▶ **DATA UNDER STUDY**:

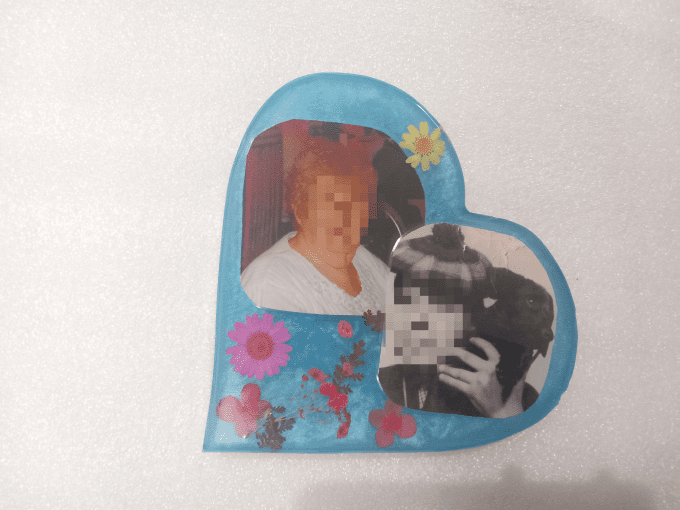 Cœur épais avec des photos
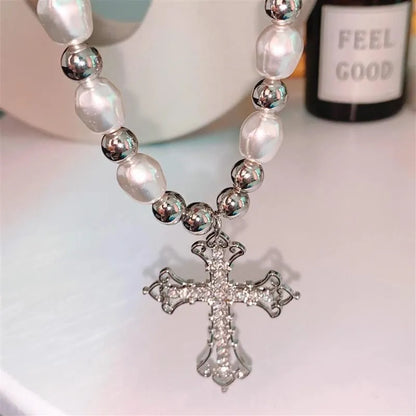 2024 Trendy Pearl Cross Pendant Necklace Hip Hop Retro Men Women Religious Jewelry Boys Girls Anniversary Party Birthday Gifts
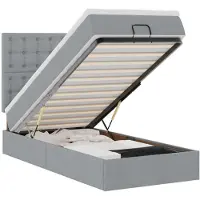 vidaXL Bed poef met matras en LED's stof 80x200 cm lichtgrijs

--

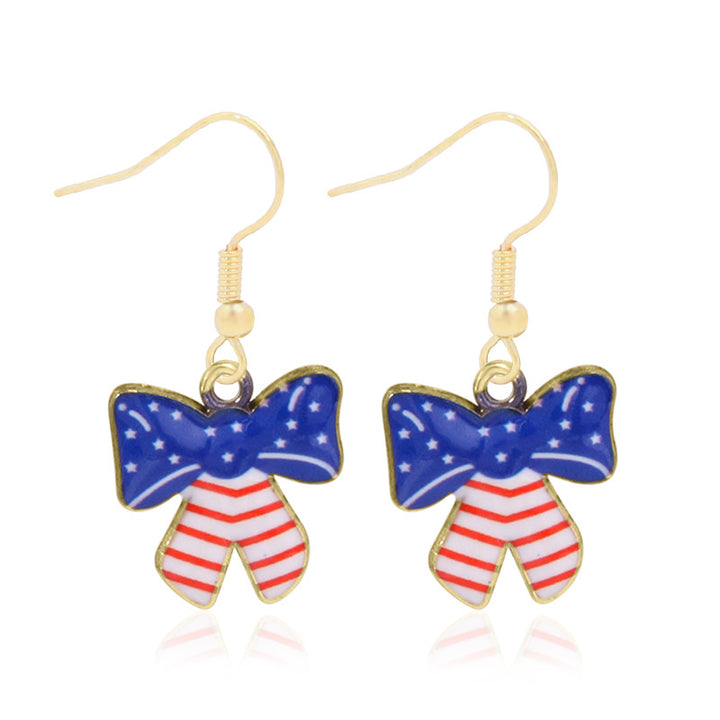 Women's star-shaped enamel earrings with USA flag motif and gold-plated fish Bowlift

--

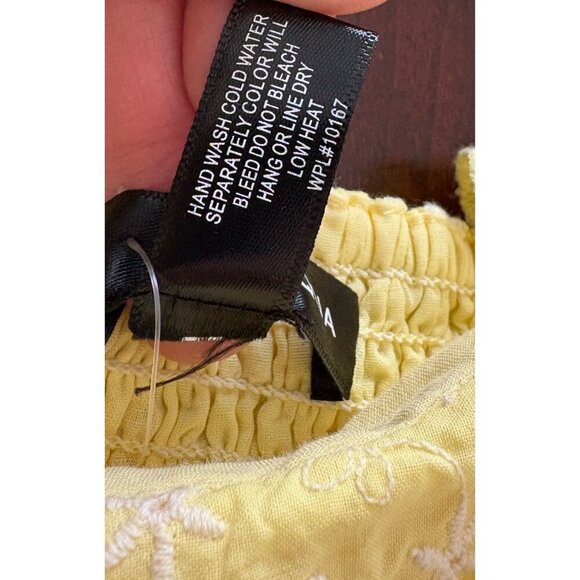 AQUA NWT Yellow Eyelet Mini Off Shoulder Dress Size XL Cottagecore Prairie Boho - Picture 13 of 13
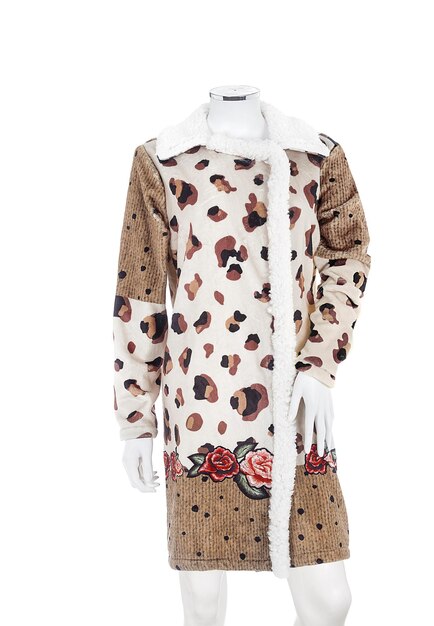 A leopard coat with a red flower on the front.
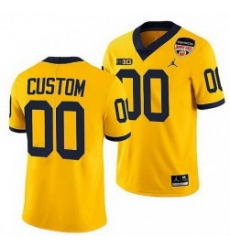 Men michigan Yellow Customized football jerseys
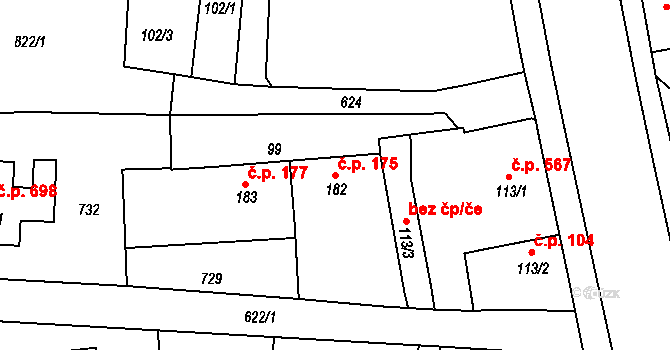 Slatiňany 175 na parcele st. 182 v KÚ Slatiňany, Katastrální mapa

▶ **THE PROBLEM**:
Would you output only the span of the records above that opens with the line containing "2024 Trendy Pearl" and closes with the line containing "vidaXL Bed poef", ends included and pictures dropped?

▶ **SOLUTION FOR THIS TASK**:
 2024 Trendy Pearl Cross Pendant Necklace Hip Hop Retro Men Women Religious Jewelry Boys Girls Anniversary Party Birthday Gifts
 vidaXL Bed poef met matras en LED's stof 80x200 cm lichtgrijs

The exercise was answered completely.